Tagesschau wird modernisiert: News für immer und überall
Die "Tagesschau" will mehr als eine Fernsehsendung sein. Weil sich dafür aber bei ARD-aktuell die Strukturen ändern, fragen sich einige Betroffene: Muss das wirklich sein?
HAMBURG taz | Noch zwei Minuten bis 20 Uhr. Vor den Fernsehgeräten haben sich schon Millionen versammelt. Die "Börse im Ersten" bringt ihnen bei, dass sich der DAX auf 6.034 Punkte hochgezogen hat. Im Haus 18 beim NDR in Lokstedt nimmt Sprecherin Susanne Daubner im Studio Platz. Was weder sie noch die Zuschauer wissen: Hinter den Kulissen knirscht es.

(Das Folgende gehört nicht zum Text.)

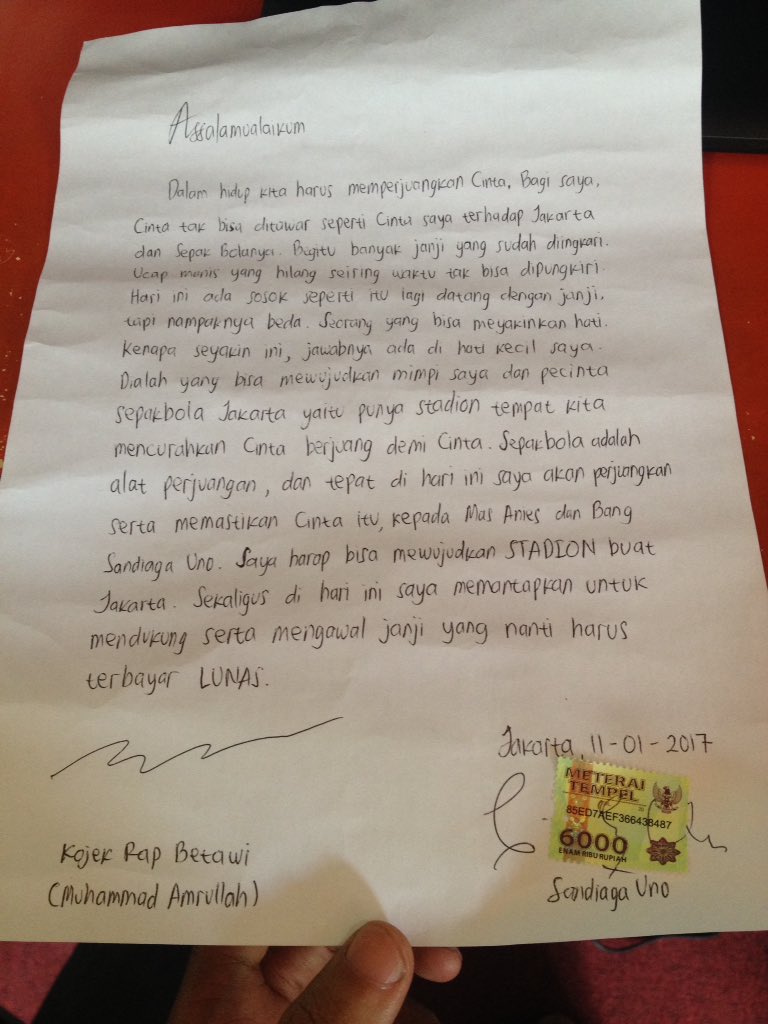 Surat Cinta Untuk SepakBola Jakarta tepat di hari wafatnye Bang Thamrin , kawal janji ini hingga terbayar Lunas #StadionJakart3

Kurz vor dem Gong liegt ausgerechnet der erste Beitrag des Abends noch in Stuttgart. Frank Jahn soll vom dortigen Dreikönigstreffen der FDP berichten, doch die Überspielung lässt auf sich warten. Es wird eng.
Stephan Ziegenhagen, Chef vom Dienst der "20 Uhr", springt aus seinem Drehstuhl. Die Zeigefinger auf die Schläfen gepresst, ruft er seinen Redakteuren zu: "Leute, kommt mal schnell her und überlegt, was wir jetzt machen!" Ziegenhagen murmelt einen Moment etwas davon, wie die Sendung umzubauen sei, bis eine Minute und dreißig Sekunden vor acht der Beitrag doch noch einläuft. So spät, dass ihn der Verantwortliche nicht mehr sehen kann. Ziegenhagen muss dem Reporter blind vertrauen.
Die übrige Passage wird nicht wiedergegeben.